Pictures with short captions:

□ □ □

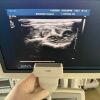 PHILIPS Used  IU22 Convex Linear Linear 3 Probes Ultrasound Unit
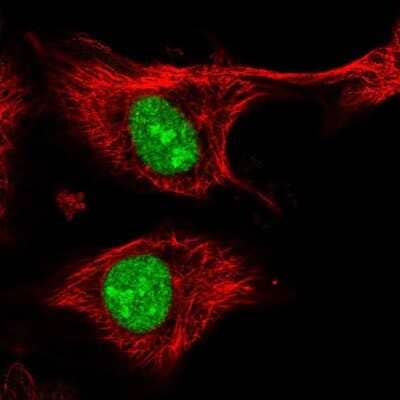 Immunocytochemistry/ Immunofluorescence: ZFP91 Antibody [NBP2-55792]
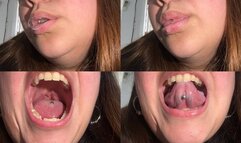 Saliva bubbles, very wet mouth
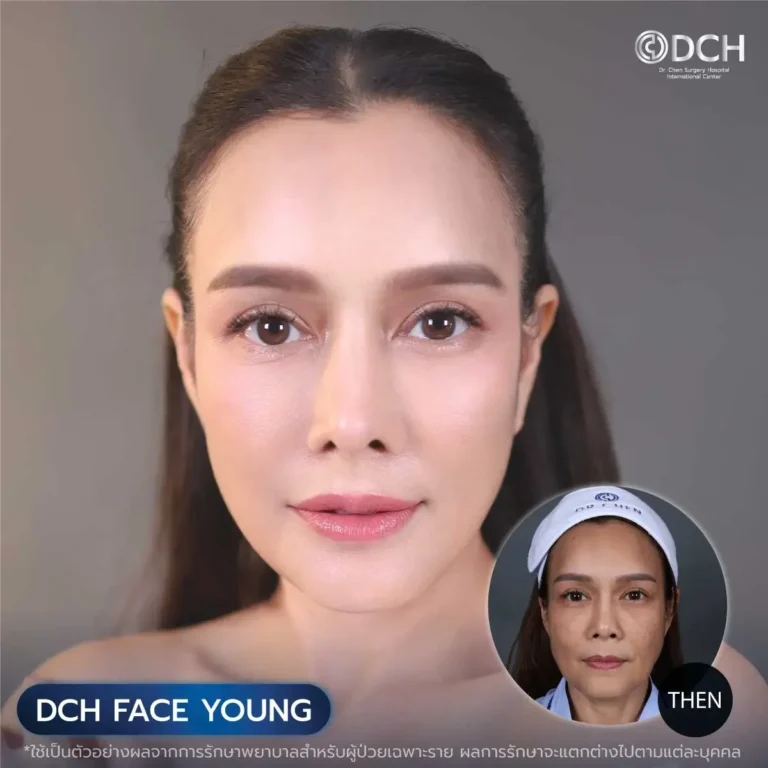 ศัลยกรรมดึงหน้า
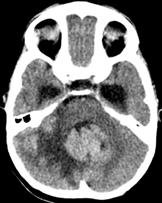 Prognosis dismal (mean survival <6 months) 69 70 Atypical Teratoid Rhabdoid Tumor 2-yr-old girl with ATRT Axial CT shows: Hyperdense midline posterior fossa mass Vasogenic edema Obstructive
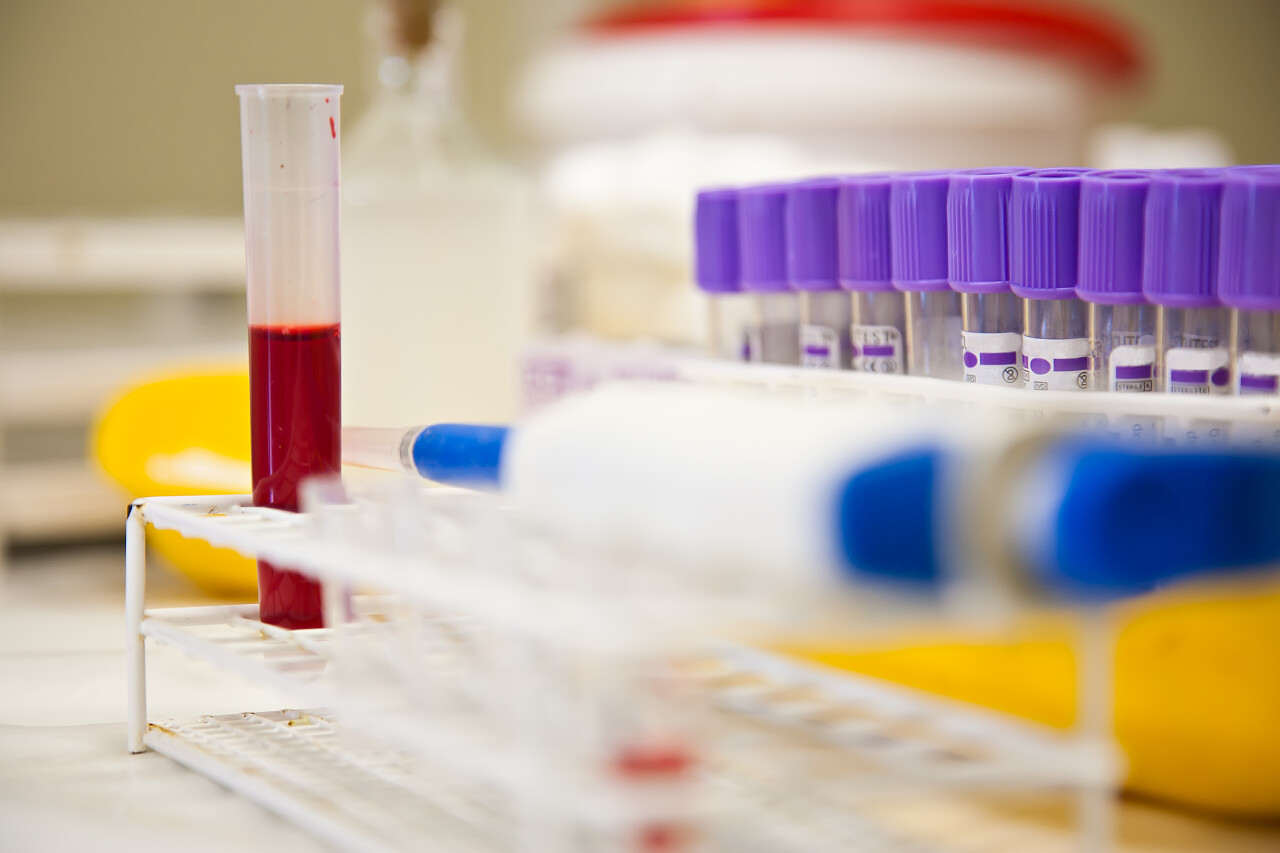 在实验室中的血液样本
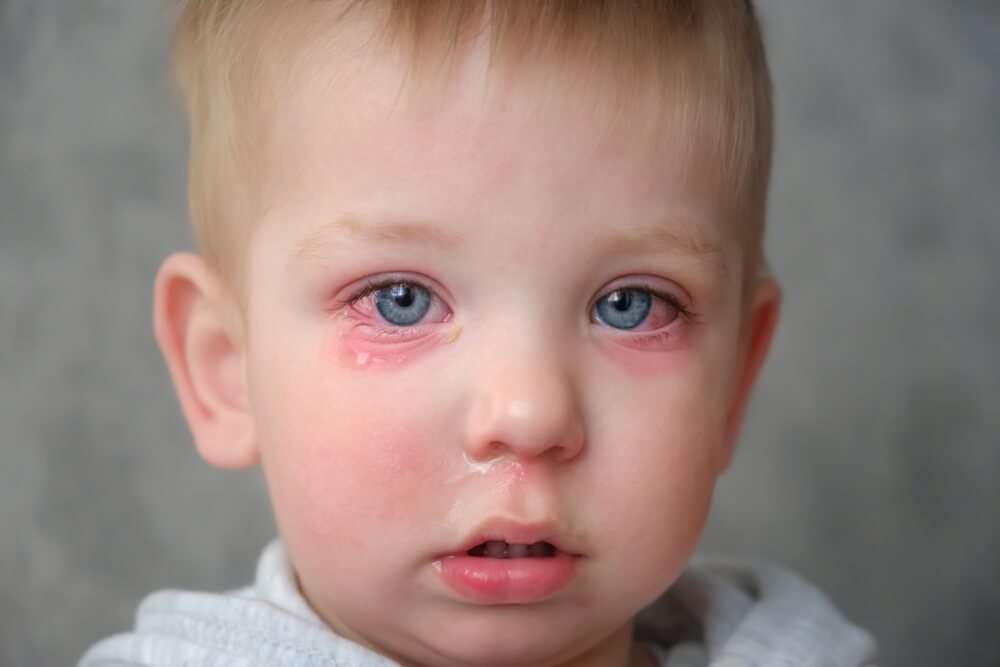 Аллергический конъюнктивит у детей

□ □ □

**Goal of the exercise:** Leave out the pictures, and write out exactly the lines from the line containing "Saliva bubbles, very wet mouth" through the end of the records above.

**Answer space:**
 Saliva bubbles, very wet mouth
 ศัลยกรรมดึงหน้า
 Prognosis dismal (mean survival <6 months) 69 70 Atypical Teratoid Rhabdoid Tumor 2-yr-old girl with ATRT Axial CT shows: Hyperdense midline posterior fossa mass Vasogenic edema Obstructive
 在实验室中的血液样本
 Аллергический конъюнктивит у детей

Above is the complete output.